Note that if write performance is not an issue in your environment?for example, in a DSS/Data Warehousing environment?you should, by all means, use RAID 5 for your data and index segments.

In any environment, avoid putting tempdb on a RAID 5 array. tempdb typically receives heavy write activity and will perform better on a RAID 1 or RAID 0 array.

RAID 5 is a relatively economical means of providing fault tolerance. No matter how many drives are in the array, only the space equivalent to a single drive is used to support fault tolerance. This method becomes more economical with more drives in the array. You must have at least three drives in a RAID 5 array. Three drives would require that 33 percent of available disk space be used for fault tolerance, four would require 25 percent, five would require 20 percent, and so on.

Figure 39.5 shows a RAID 5 configuration.

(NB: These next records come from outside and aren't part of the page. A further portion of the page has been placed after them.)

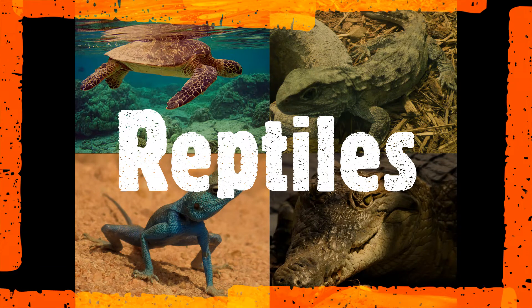Hello everyone! Today we are going to learn about reptiles. This is quite a large group of animals, and today we will learn how to recognize them and what it means that something is a reptile.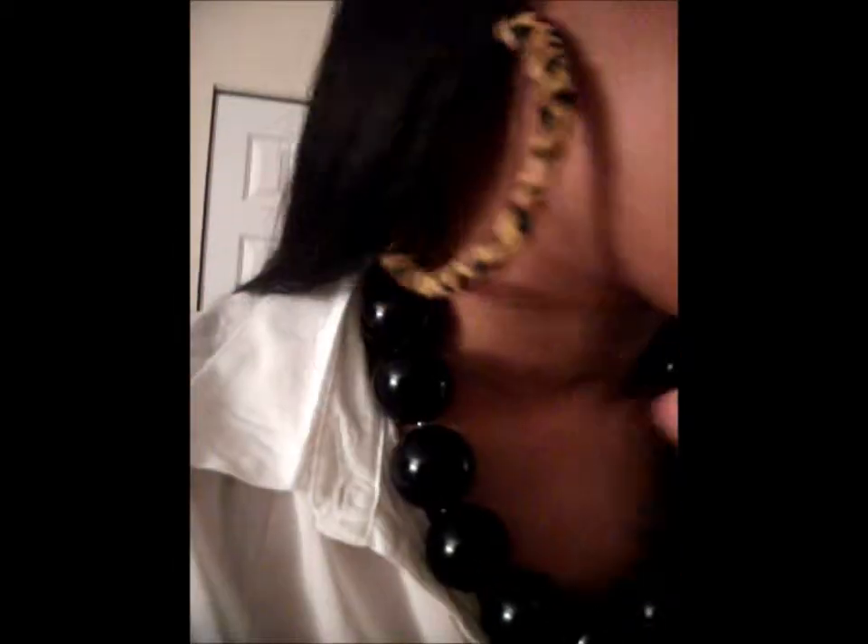These are my accessories — these are earrings that I made myself. They're leopard, as you can see. I got this necklace from Clark Street, and I got this bangle from there as well. I really love this bangle, it's really different.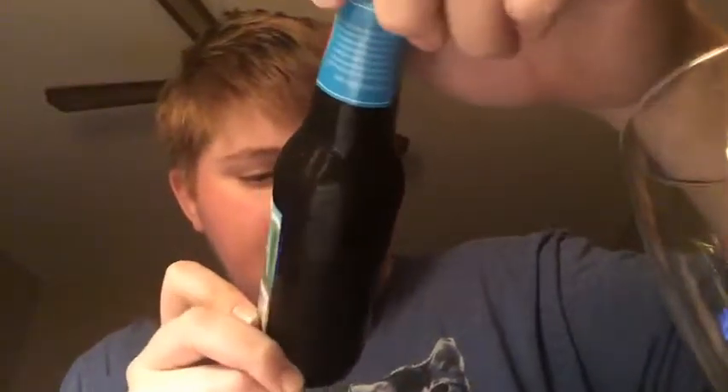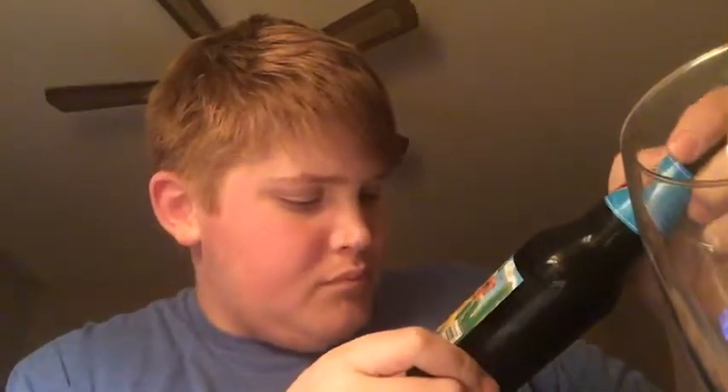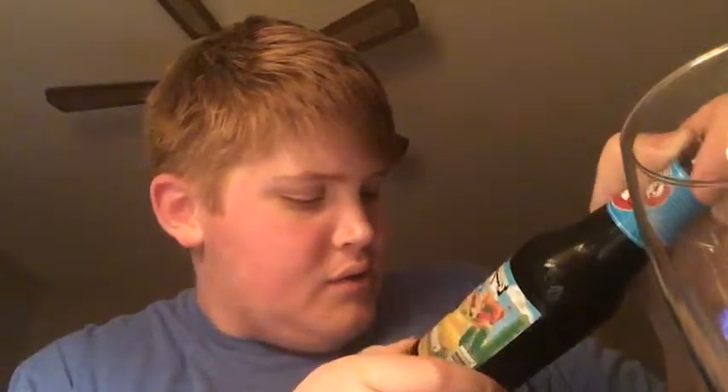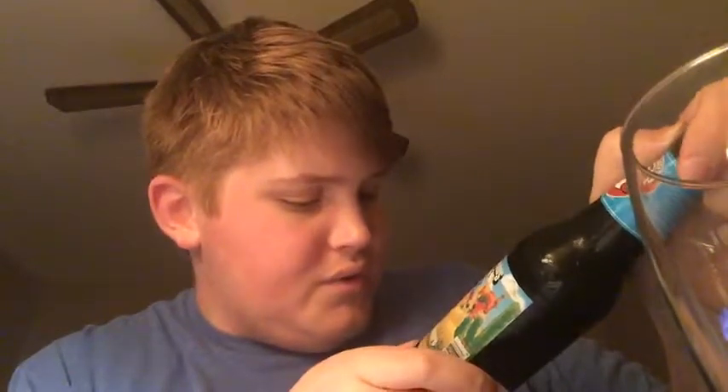Welcome to Blue Speckled Beer Views. I'm here with another beer from Clown Shoes — this is their Chocolate Sombrero. It is a Mexican style chocolate stout, brewed with chocolate and ancho chilies.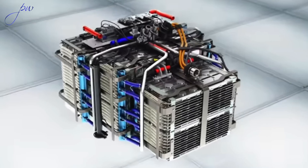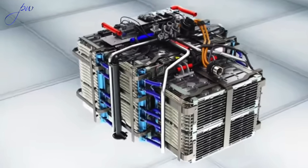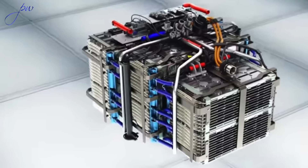One key project was in Formula E, where McLaren Applied is currently the tender holder for the battery. They provide a 350 kilowatt battery system to the Formula E cars. Electrification is an increasingly big part of McLaren Applied, and there is a lot that can be learned from a racing battery that could be applied to an automotive battery.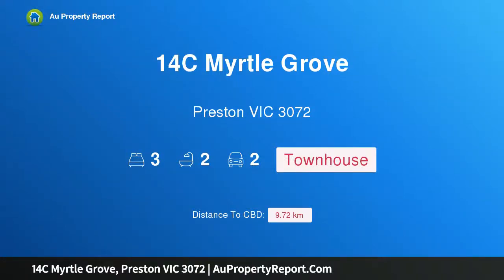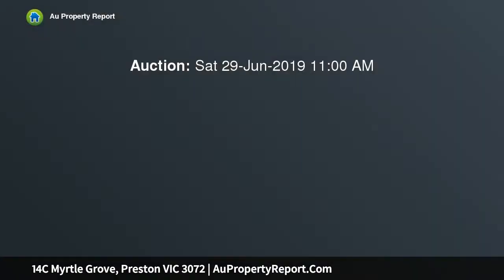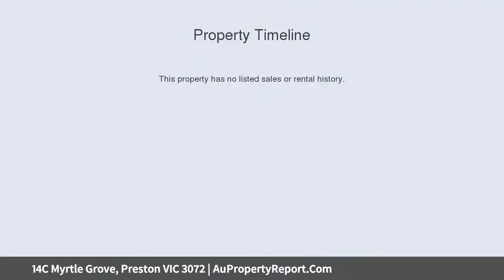Hi, I am glad to introduce Property 14C Myrtle Grove, Preston Victoria 3072 — a stunning brand new townhouse with own street frontage. This architecturally designed townhouse is on a prominent corner allotment in one of Preston's premier locations.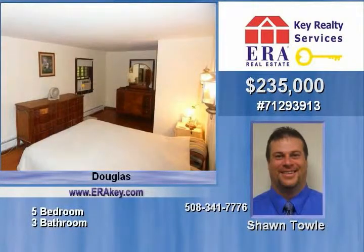One fireplace includes a pellet stove to help with heating costs. Passing title five in hand. Don't delay, call for a showing today.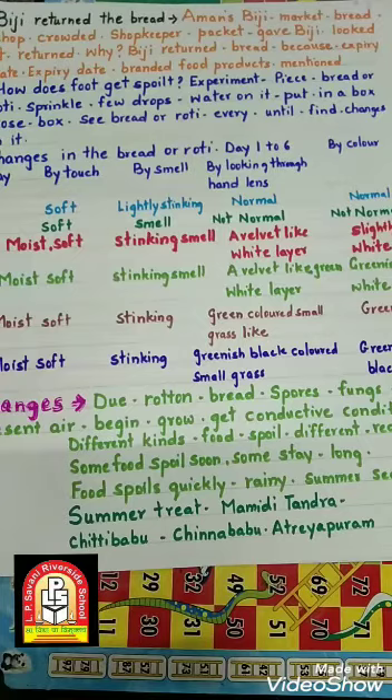What did BG do? BG returned the bread at once because its expiry date would have passed. The expiry date of branded food products is usually mentioned on the packet.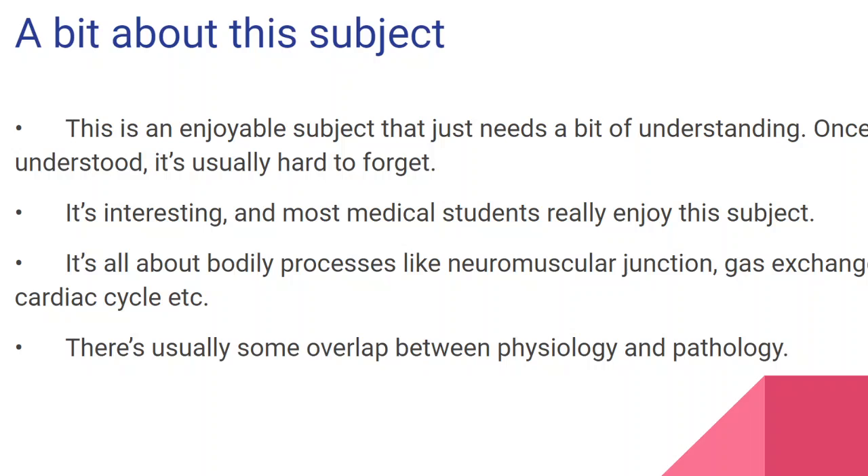There's a lot of overlap between physiology and pathology, and that's because you need to know how the normal processes of the body work before you can understand the abnormal manifestations of those processes, which would be in the form of diseases.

Figure 39.5. RAID Level 5.

graphics/39fig05.gif

NOTE

While the recommendations for using the various RAID levels presented here will help ensure that your database performance will be optimal, reality often dictates that your optimum disk configuration might not be available. Often you will be given a server with a single RAID 5 array and told to make it work. While RAID 5 is not optimal for tempdb or transaction logs, the write performance can be mitigated using a controller with a battery-backed write cache.

If possible, also try to stripe your database activity across multiple RAID 5 arrays rather than a single large RAID 5 array to avoid overdriving the disks in the array.